(153b) Role of Pyruvate Dehydrogenase in the Anaerobic Fermentation of Sugars by Escherichia Coli | AIChE

(153b) Role of Pyruvate Dehydrogenase in the Anaerobic Fermentation of Sugars by Escherichia Coli

Authors 

Murarka, A. - Presenter, Iowa State University


Pyruvate is a key metabolite in central metabolism since it is the end product of glycolysis and most of the fermentative products are derived from it. Thus, metabolism at the pyruvate node is important from metabolic engineering point of view as variation in the way pyruvate is dissimilated would have significant impact on overall cell metabolism and the product distribution. We are focused in elucidating the activity and role of enzymes involved in dissimilation of pyruvate during fermentative growth of E. coli using metabolic flux analysis (MFA).

PDH (Pyruvate Dehydrogenase), the major enzyme responsible for dissimilation of pyruvate under aerobic conditions, was believed to be inactive under anaerobic conditions but recently it was found to be otherwise. However, PDH is not able to support fermentative growth of E. coli in minimal media in Pyrute Formate Lyase null background and its role under these conditions is unknown. For our study, we have created an E. coli strain devoid of the genes encoding PDH (E. coli W3110ΔaceEF; PDH-) and evaluated wild-type W3110 and otherwise isogenic PDH- during the anaerobic fermentation of glucose. We found that the PDH- strain grows at a much lower rate and exhibits a longer lag than W3110 indicating that PDH plays an important role on cellular metabolism during the anaerobic fermentation of glucose. Upon performing MFA, we found that there is significant flux redistribution in PDH- strain, and the most significant differences were found in the fluxes in pentose phosphate pathway (PPP). The flux through oxidative branch was very low in wild type as compared to PDH- mutant (about 100 folds lower) and the cross fluxes between PPP and EMP (Embden Myerhoff Parnas) were in opposite directions in the two strains. There was a positive flux from PPP towards fructose-6-phosphate and glyceraldehyde-3-phosphate in PDH- strain whereas these metabolites fed the PPP in W3110.

Based on our MFA results that there is an increase of flux through oxidative branch of PPP in PDH- mutant as compared to W3110, we postulated a hypothesis that the role of PDH under fermentative condition is to provide CO2 in a carbon and energy efficient manner. Further experiments where we supplemented the growth media with CO2 supported our hypothesis since the growth rate of both the strains equalized in CO2 supplemented experiments indicating that the availability of CO2 was the basis of difference between the two strains.

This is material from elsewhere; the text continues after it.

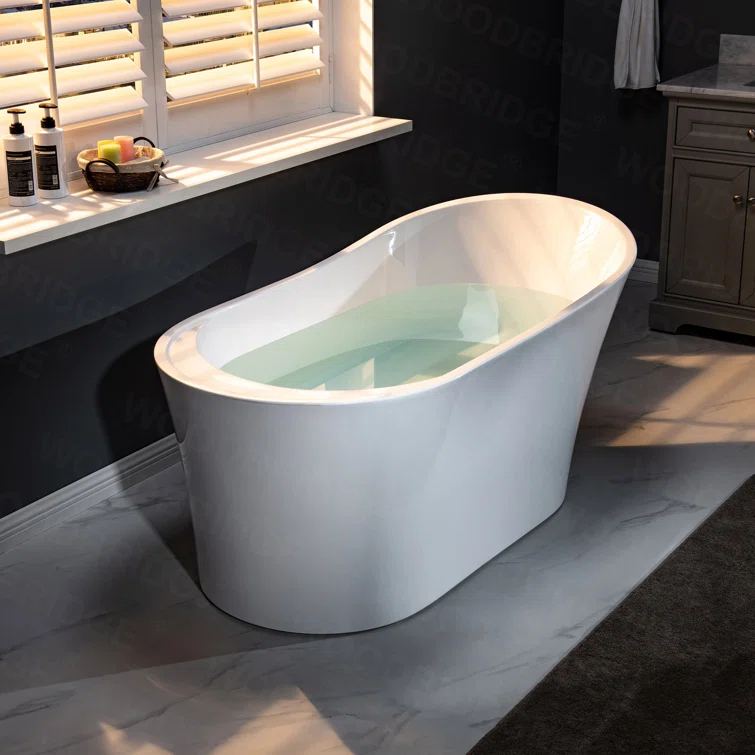 WoodBridge 67" x 32" Freestanding Soaking Acrylic Single Slipper Bathtub with Reversible Drain B0084-ORB-Drain &O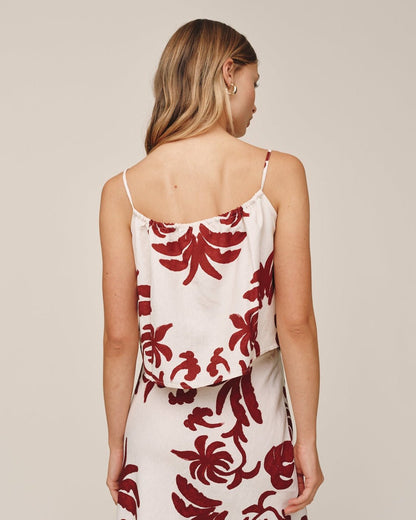 Bella Dahl Tie Front Cami - Island Damask Print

To further support our findings, we are currently focused on performing labeling experiments which are powerful tools in investigating cellular metabolism at a high degree of resolution. In these experiments, labeled substrate is fed to the system and analysis of the labeling pattern of intermediate metabolites provides information about the metabolic network topology and internal fluxes. Such an analysis for wild type strain W3110 supported our finding that the flux is indeed very low through oxidative branch of PPP. We plan to perform similar analysis for PDH- derivative of the wild type and in the meeting we will present our final results regarding the role of PDH under fermentative conditions.